Final answer:
To find the point on the line y = 4x + 5 that is closest to the origin, find the perpendicular line from the origin to the given line, set the equations equal to each other, solve for x, and then solve for y. The point closest to the origin is at (-20/17, 5/17).
Step-by-step explanation:
The given line has the equation y = 4x + 5, and we want to find the point on this line that is closest to the origin. To solve this, we make use of the fact that the shortest distance from a point to a line is along the perpendicular to the line. Therefore, we need to find a line perpendicular to y = 4x + 5 that passes through the origin (0,0). The slope of any line perpendicular to this one must be the negative reciprocal of 4, which is -1/4. So, the equation of the perpendicular line is y = -1/4x.

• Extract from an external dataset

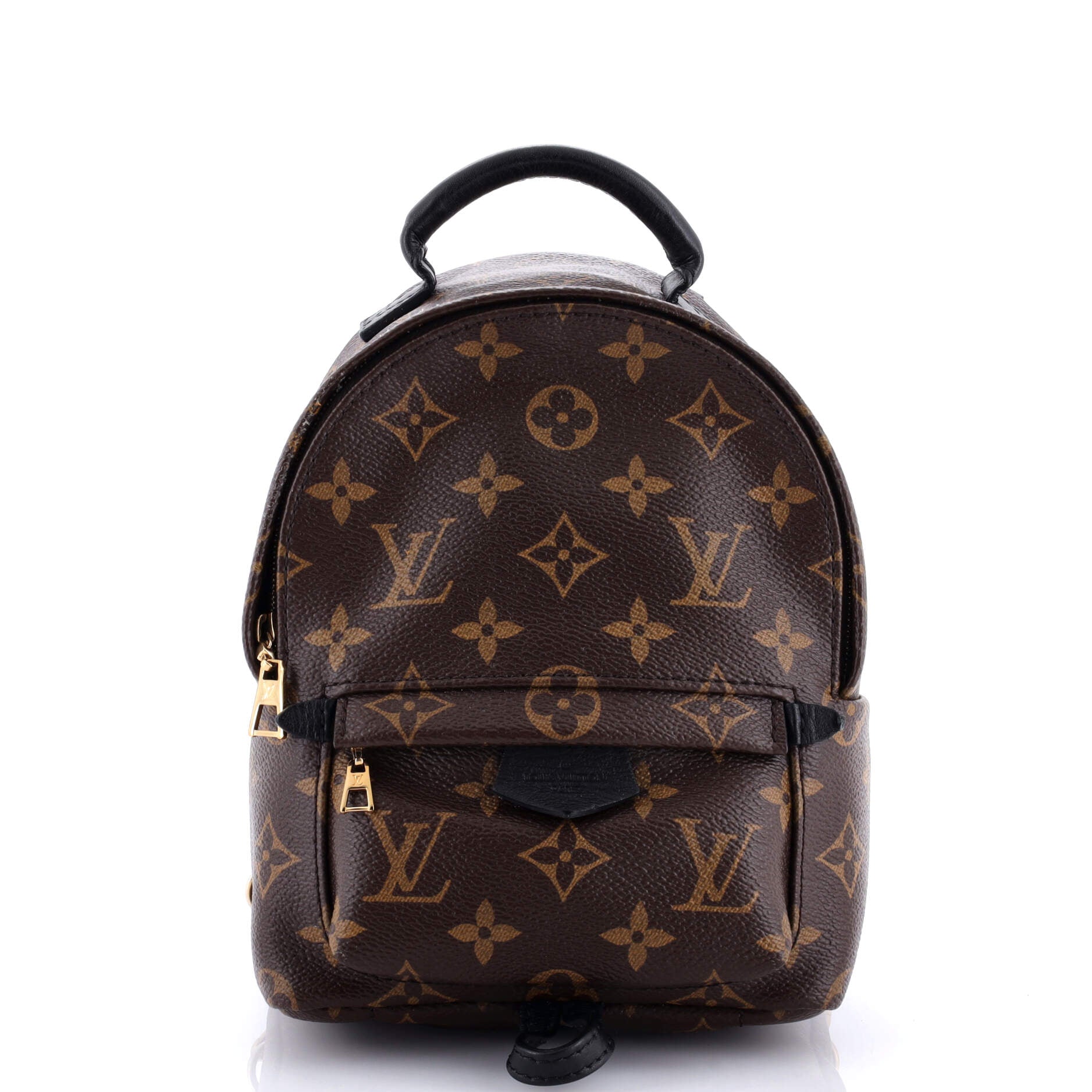 2860 Palm Springs Backpack Monogram Canvas Mini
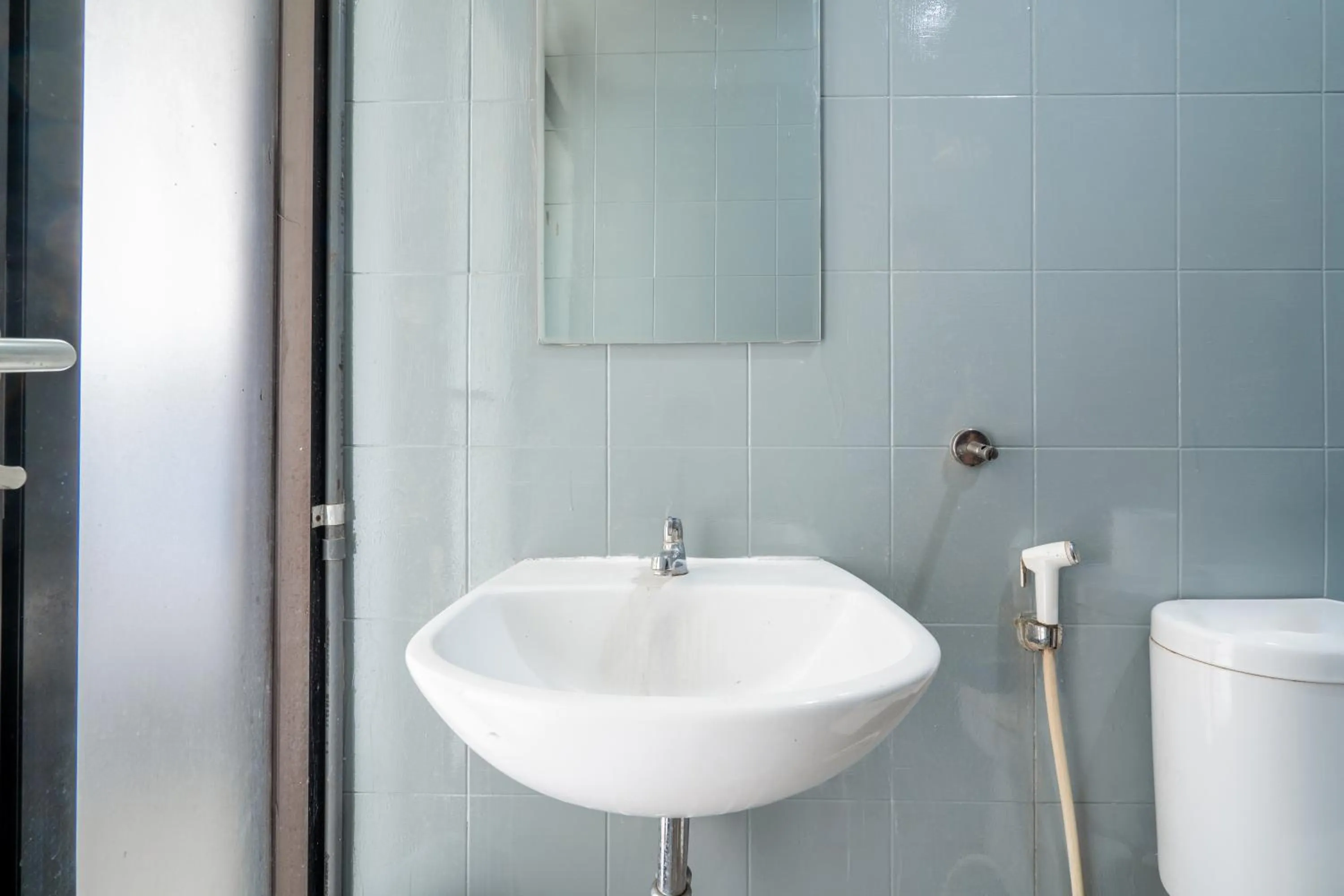 Bathroom in Rehat at Dago Sky Hotel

To find the intersection of these two lines, we set them equal to each other and solve for x:
4x + 5 = -1/4x
Multiplying through by 4 to eliminate the fraction:
16x + 20 = -x
Combine like terms:
17x + 20 = 0
Solving for x gives us x = -20/17. We then solve for y using either line's equation:
y = 4(-20/17) + 5
Which simplifies to y = -80/17 + 85/17, resulting in y = 5/17. So, the point on the line closest to the origin is (-20/17, 5/17).